C'est encore Bonduelle, classé dans le peloton de tête de la conserverie — 2 milliards de chiffre d'affaires dont la moitié à l'exportation — qui étend ses capacités de surgelés. Un marché en expansion, les surgelés. Il éveille les convoitises. La multinationale Unilever ne vient-elle pas, par l'entremise d'une filiale française, d'y prendre pied.

Le Japon et la boulangerie

Les grands meuniers, eux, se tournent vers le Japon. Voici les Grands Moulins de Paris — premier groupe meunier français — qui passent un contrat avec la première entreprise de boulangerie japonaise pour créer une chaîne de restauration rapide à l'enseigne Vie de France dans l'empire du Soleil-Levant. Et le deuxième groupe français, les Grands Moulins de Pantin, dans la foulée, signe avec une des plus importantes sociétés de commerce japonaises un contrat de fourniture de farine pour la production de baguettes, croissants, brioches à la française.
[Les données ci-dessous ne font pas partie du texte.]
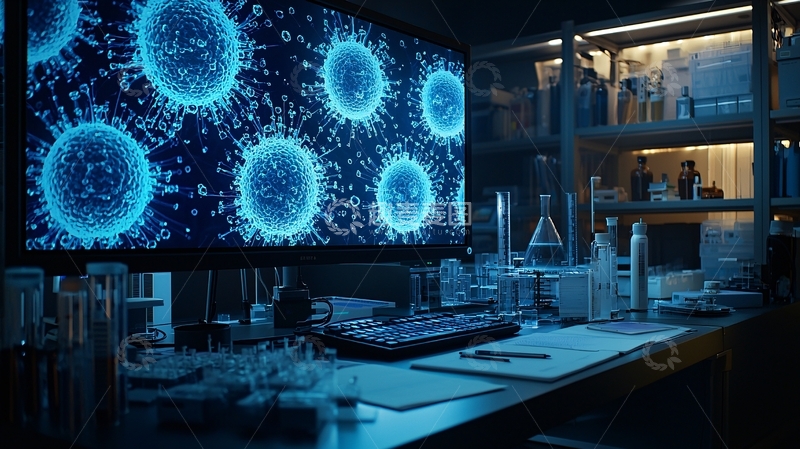 高清大图下载【趣麦麦图】病毒研究实验室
Quelques exemples, parmi d'autres, du dynamisme — voire de l'agressivité commerciale — des grands de l'agro-alimentaire. Et il y a aussi des moins grands, qui, à cet égard, n'ont rien à leur envier. La crise est dure. Certains savent la surmonter. Tous n'en ont pas les moyens.

Jacques Léger

Armement

Impasse européenne
L'alarme

Comme au cours des années précédentes, la France continue de faire bonne figure dans le monde de l'armement en 1983. Grâce à un marché international toujours porteur et à des matériels de haut niveau, l'industrie française de l'armement réalise 40 % de son chiffre d'affaires global (environ 85 milliards de F) à l'exportation, et conserve sa place de no 3 mondial des marchands d'armes. Compte tenu du volume de commandes étrangères enregistré en 1982 (une bonne quarantaine de milliards de F) la situation devrait rester satisfaisante dans les années qui viennent. Tout du moins au niveau de l'activité. Quelques indices inquiétants sont néanmoins venus tempérer, en 1983, l'optimisme des industriels français, à commencer par la chute (– 27 %) des commandes étrangères enregistrées au premier semestre.

Signes d'inquiétude

Le premier tient au renforcement de la rigueur budgétaire. Comme tous les agents économiques, l'armée est invitée à compter ses sous. Déjà, l'an passé, elle avait dû différer des commandes de matériel aéronautique. Or, la réduction et même la simple stagnation des crédits d'équipement militaire ont un triple impact sur l'industrie : une menace sur le niveau d'activité, une diminution de la trésorerie (par le biais d'une diminution des acomptes) et une mauvaise impression sur la clientèle étrangère, laquelle hésite à « commander français » quand la France ne donne pas l'exemple.